Decíame en cierta ocasión Edmundo de Goncourt, al correr de una cháchara acerca de sus rivales en la novela: «No sé cómo creen que Zola pinta la realidad. No conoce la sociedad, no conoce la vida, y mal la puede describir. Ha vivido siempre dentro de un baúl. El mejor documentado de todos, es Daudet».


No negaré que pudo influir en esta opinión del maestro el cariño al gentil ménage, como solía llamar a Daudet y su esposa; no obstante, hay mucho de exacto en su parecer. Daudet era un novelista más documentado, y por mejor procedimiento, que Zola.

Cuando conocí a Daudet, también en el desván de Goncourt, ocho o nueve años antes del   de su muerte, estaba ya tan decaído, que justificaba la frase sangrienta y repulsiva en que le compararon a «una rata muerta en el cesto de un trapero». Con todo, destrozado por la morfina, y por sufrimientos que la morfina y el cloral atenuaban, con la cara gris y sumida, la melena ya tocada de plomo -a poco que se animase charlando, volvía a parecer el «guapo rey sarraceno», el brillante meridional, no sólo en lo físico, sino en la chispeadora conversación. El aire de Edmundo de Goncourt era más aristocrático, su hablar más escogido, pero Daudet poseía ese encanto capcioso de las imaginaciones que todo lo enflorecen. Por estas cualidades, que son las mismas de sus libros, Daudet reconcilió con el naturalismo a buena parte del público; y, no obstante, nadie podrá decir que falsificase la vida; al hermosearla.

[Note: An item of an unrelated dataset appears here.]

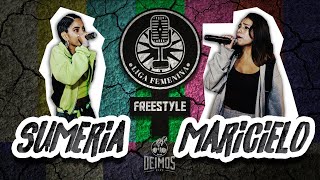 SUMERIA & MARICIELO, LEAVE NOW REMIX Video Oficial 2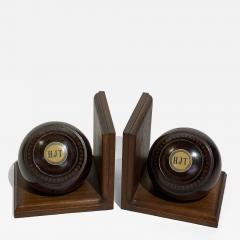 Baci Ball Bookends - 4262827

Se contentó con transigir un poco, velar crudezas o mostrarlas al través del arte; elegir con tino, entre el haz de sus notas y apuntes. La amargura que cupiese en Daudet, había que buscarla en el fondo de la copa. En la superficie, las, doradas burbujas del champagne.

Alfonso Daudet nació en Nimes el año 40. Adolescente aún se trasladó a París, donde se hallaba ya su hermano Ernesto, también novelista, pero asaz mediocre. Alfonso llegó a la gran capital muerto de frío, en vagón de tercera, con una moneda de plata por todo capital. «Nadie empezó su carrera más menesteroso...» -leemos en Treinta años de París...-. Lanzó el inevitable tomo de poesías, estreno,   juvenil, tan en armonía con la condición del que dijo de sí mismo: «Llevo en el corazón un pajarito azul, y por pitanza exige sangre». Sin que desde el primer momento alcanzase lo que se llama celebridad, tuvo éxito; sus versos agradaron. Si obtuvo Daudet en la prensa y la escena triunfos lisonjeros, del 60 al 66 comenzó la fama extensa, con la publicación de las Cartas de mi molino. Desde entonces puede decirse que creció siempre la popularidad del simpático nombre, y cada libro le hizo ascender un escalón, aunque no todos sean de valor igual, y el mejor, en mi concepto, Tartarín de Tarascón, lleve la fecha de 1872 y sea la primer sonrisa humorística de las letras francesas después de la catástrofe nacional.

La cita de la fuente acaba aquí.